Naquele dia, aprendi duas lições que guardarei para o resto da vida: que as situações que mais nos trazem desconforto podem ser justamente aquelas que nos trarão as melhores mudanças. E que o feito é muito melhor do que o perfeito.
Perrengues Arábicos
Desembarcando do avião pela primeira vez em Abu Dhabi, fui percebendo que os perrengues passariam a fazer parte da minha vida a partir de então. Ainda no aeroporto fui recebido por uma funcionária da empresa, que me explicou o básico e me levou até um taxista. Seguiria então para a minha futura morada.
Dentro do táxi, o motorista paquistanês me fazia perguntas para quebrar o gelo e eu não conseguia entender absolutamente nada. Era algo como football, home. Só consegui entender quando ele falou em seu sotaque carregado: “Your English very bad, my friend. No understand me”. Algo como: seu inglês é péssimo, meu chapa! Você não consegue entender nada. Beleza!
Durante o treinamento, foi uma dificuldade absurda entender os professores, britânicos ou indianos. Estamos acostumados a ter mais contato com o inglês americano. Porém, nos Emirados Árabes o inglês britânico domina. Além das suas variantes indiana, filipina, árabe, russa e por ai segue… A solução foi estudar em casa muito mais do que os meus colegas. Brasileiro sempre dá um jeito em tudo, não é?
Perrengues nas Alturas
Ao começar a voar, coisas banais como falar no interfone do avião se tornavam grandes desafios. Dependendo da nacionalidade, era difícil entender uma mensagem que simplesmente precisava ser compreendida. Tive muitos chefes de cabine que claramente ficavam impacientes comigo, mas acabavam entendendo. Eu era novato e tudo fazia parte do processo de adaptação.

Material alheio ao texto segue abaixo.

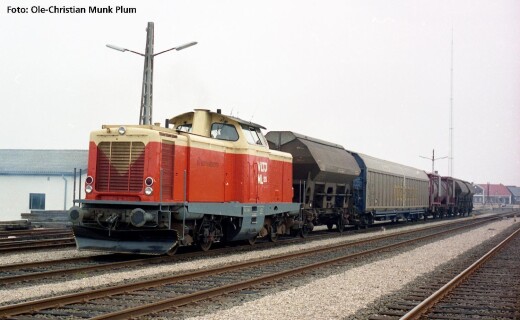 Piko 52102 - AC - Diesellok/Sound BR 211 VLTJ V + PluX22 Dec.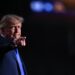 Usa, Trump rilancia: “500 dollari a un milione di americani truffati da Obamacare”
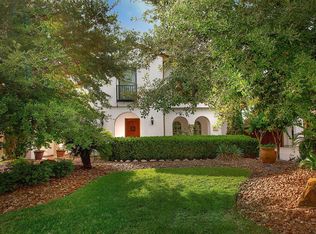 31 N Player Manor Cir, The Woodlands, TX 77382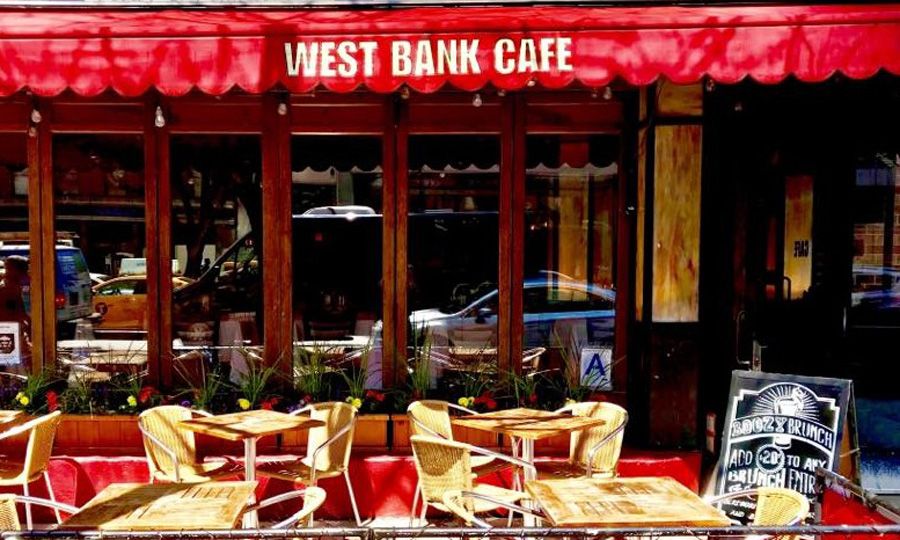 'Ερανος διασημοτήτων για να σωθεί το West Bank Café στη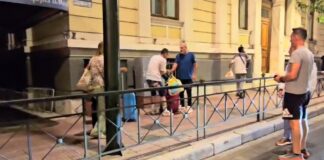 Video/ Të pa kënaqur nga shërbimin, turistët godasin taksistin në Athinë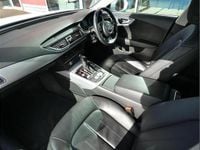 Used Audi A7 Comfort 214 HP (157 kW) 2017 White Hatchback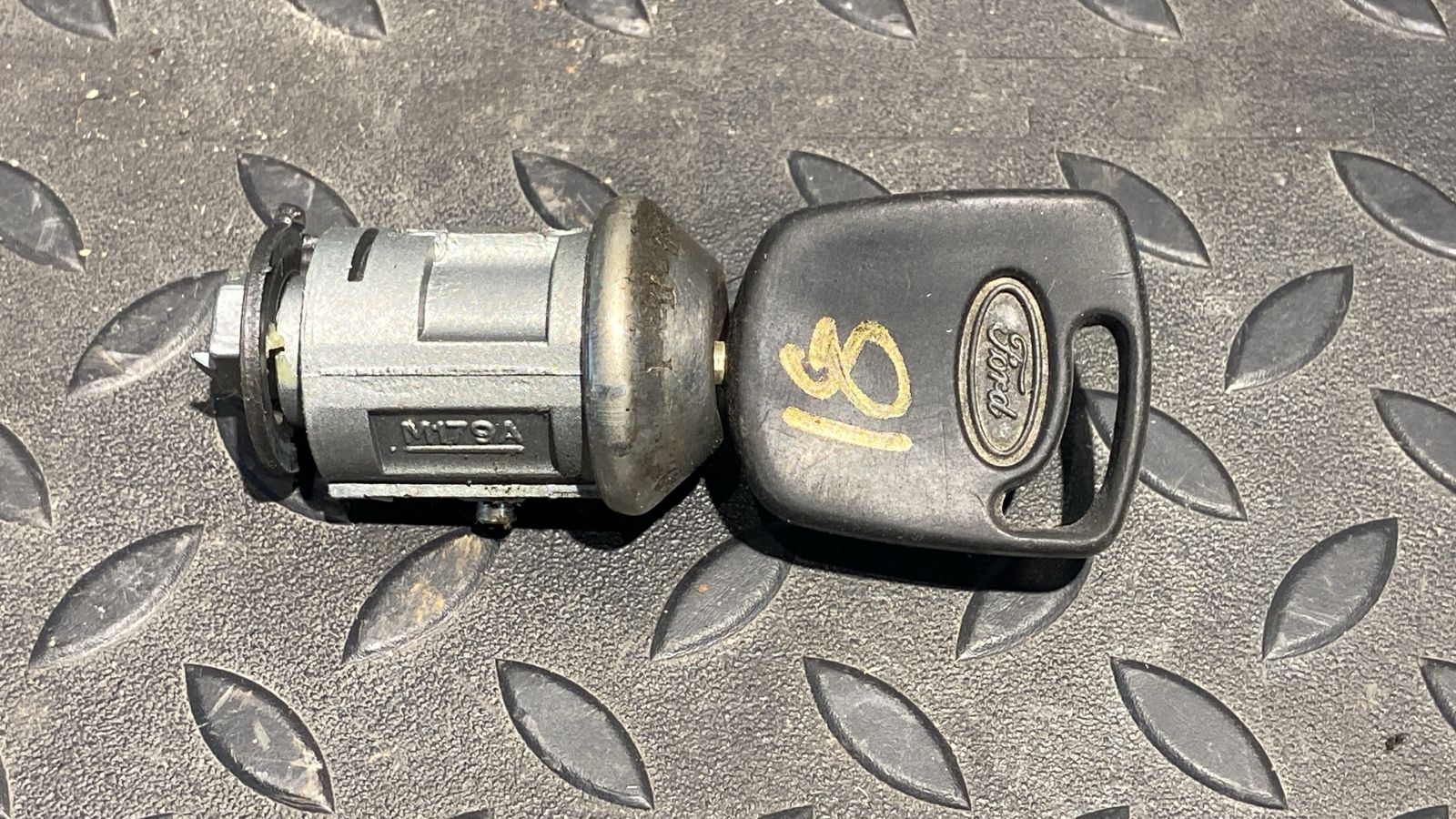 Ключ зажигания Ford Transit 2000-2006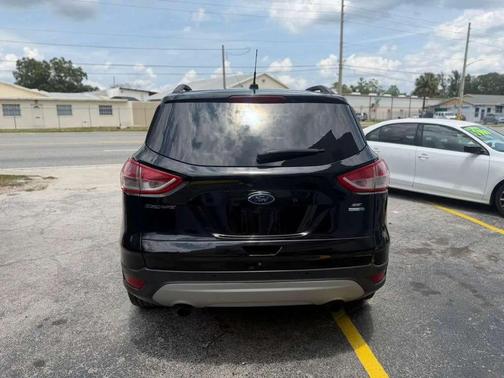 White Platinum Metallic Tri-Coat 2016 Ford Escape SE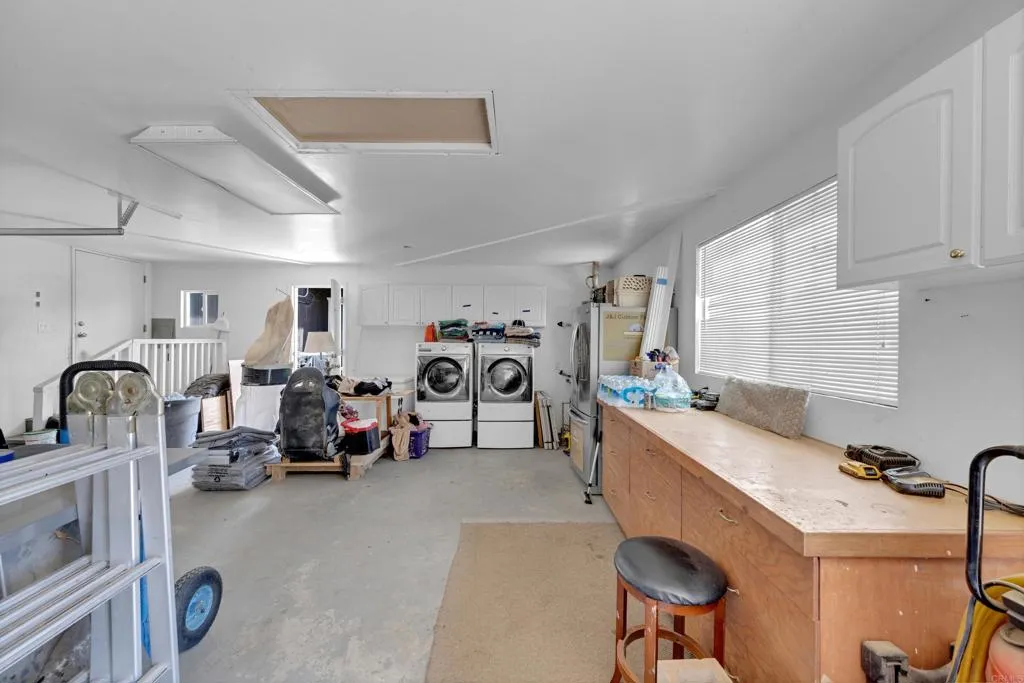 https://cdn.realtyfeed.com/cdn/127/306708596/9e86d19cebbcb5a9a8274661e366b3dd.webp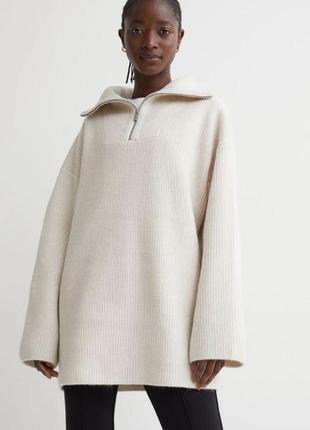 H&amp;m в наличии свитер удлиненный светлый бежевый размер s рукава пышные широкие на замке под шею крупная вязка2 фото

Os colegas também não tinham muita paciência na maioria das vezes, especialmente britânicos de Manchester ou Liverpool. Considero seus sotaques carregadíssimos os mais difíceis de entender. Até hoje! Já os australianos falam com gírias demais, tornando igualmente difícil a compreensão. Por outro lado, encaram situações assim com bom humor.
Algo visto com frequência a bordo era a ausência de um esforço por nativos no inglês em facilitar a comunicação. Desacelerar ou simplificar a comunicação eram gestos muito raros. Talvez como essas pessoas falam somente uma língua, fica difícil para elas compreenderem o esforço necessário para lidarmos com um idioma que não é o nosso.
Indianos e paquistaneses também ficam no topo da lista de povos difíceis de se comunicar. Falam realmente rápido com um sotaque extremamente carregado. São inclusive, motivo de piadas debochadas e memes frequentes dentro da comunidade de Cabin Crew. Mais por uma espécie de revanche, por conta da antipatia geral contra passageiros dessas nacionalidades, famosos por serem muito difíceis de agradar e fáceis de reclamar.
Teve também a vez que um viajante árabe veio falar comigo e acabei entendendo nada. Era um voo para o Cairo e ele parecia pedir algo. Pelo momento do voo, deduzi que ele poderia estar querendo um disembarkation card. Aqueles formulários que a tripulação sempre entrega em voos internacionais ao se aproximar do momento do pouso.
Eram comum pedidos assim mesmo um tempo após a distribuição. Quando vim com o papel, achando que estava abafando, o homem ficou visivelmente chateado e virou as costas para mim, saindo nervosamente resmungando coisas em um idioma que na hora não reconheci. Provavelmente eram xingamentos. Até hoje não imagino o que ele queria afinal.
Perrengue Até nos Pernoites
Demorei alguns meses para finalmente criar coragem e pedir comida pelo room service dos hotéis. Especialmente em pernoites na Inglaterra. Eu mal entendia o funcionário e completar o pedido era sempre uma aventura cheia de mistério e emoção.
E nas baladas dos pernoites? Um ambiente que já é naturalmente difícil de se comunicar em qualquer língua, se tornava um dos doze trabalhos de Hércules. Quando vinha de férias para o Brasil, tudo se tornava absurdamente tão mais fácil…
Mas é isso. Quem nunca passou por um perrengue por não dominar o idioma local naquela viagem para o exterior? Já enfrentou uma situação difícil por conta da comunicação com estrangeiros? Me conta o seu perrengue. 🙂
Um grande abraço e até a próxima semana!